*Try it*: Without the images, output every record exactly as it appears.
*** Opening of Material shown ***
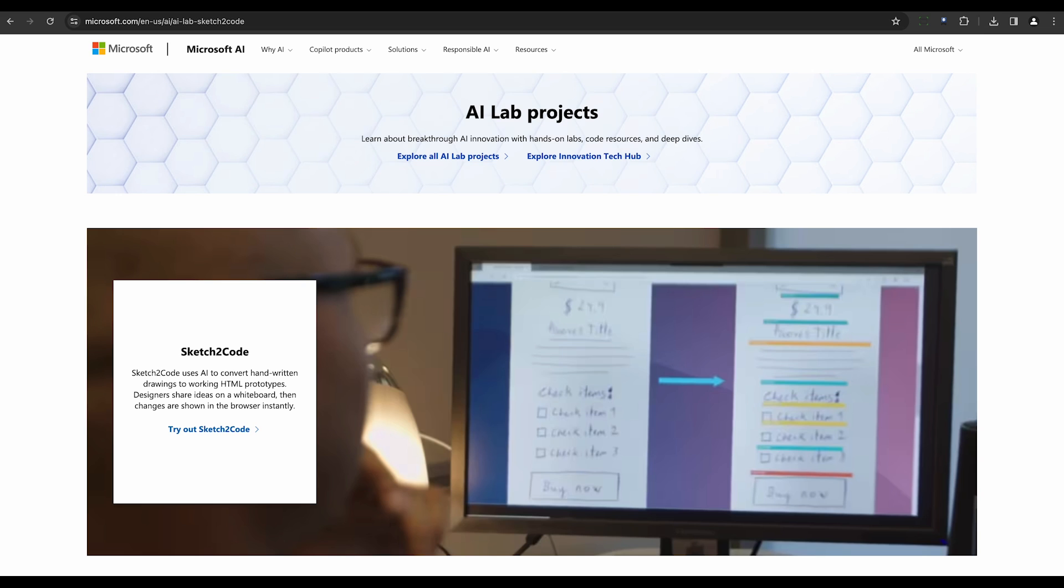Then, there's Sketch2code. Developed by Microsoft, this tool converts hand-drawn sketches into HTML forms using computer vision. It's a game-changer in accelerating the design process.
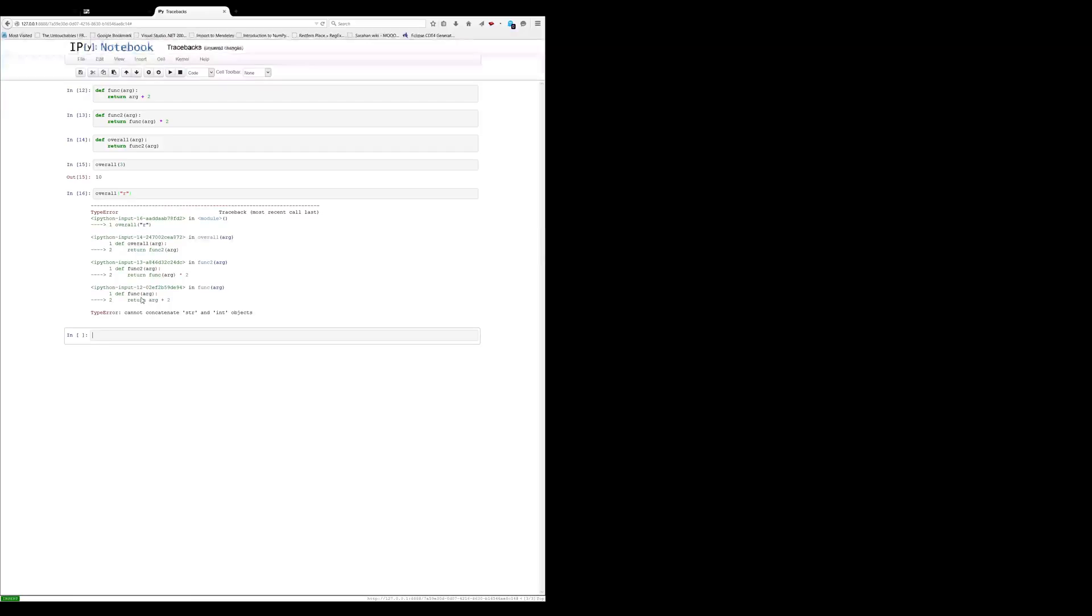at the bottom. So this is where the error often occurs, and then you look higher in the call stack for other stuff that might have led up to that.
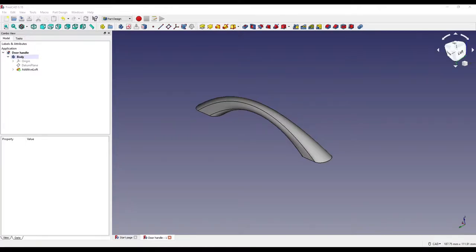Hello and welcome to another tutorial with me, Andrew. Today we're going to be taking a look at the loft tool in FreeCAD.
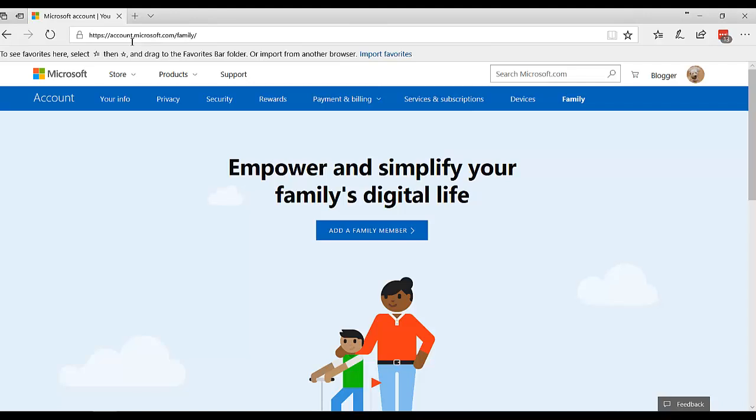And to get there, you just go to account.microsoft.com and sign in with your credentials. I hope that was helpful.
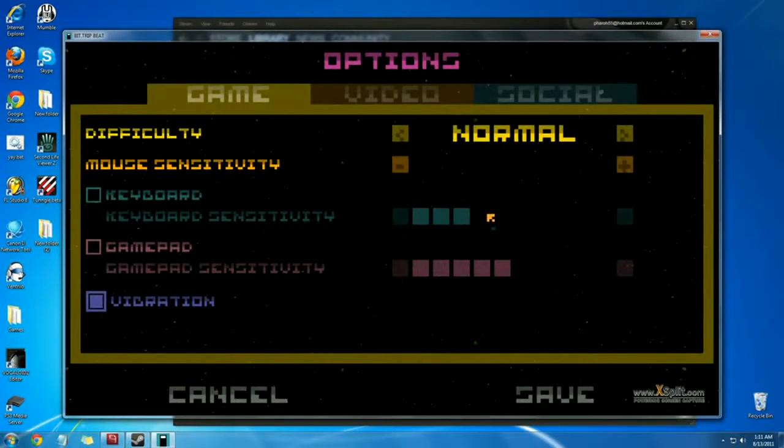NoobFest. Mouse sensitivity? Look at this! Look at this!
*** Close of Material shown ***
*Solution to this problem*:
Then, there's Sketch2code. Developed by Microsoft, this tool converts hand-drawn sketches into HTML forms using computer vision. It's a game-changer in accelerating the design process.
at the bottom. So this is where the error often occurs, and then you look higher in the call stack for other stuff that might have led up to that.
Hello and welcome to another tutorial with me, Andrew. Today we're going to be taking a look at the loft tool in FreeCAD.
And to get there, you just go to account.microsoft.com and sign in with your credentials. I hope that was helpful.
NoobFest. Mouse sensitivity? Look at this! Look at this!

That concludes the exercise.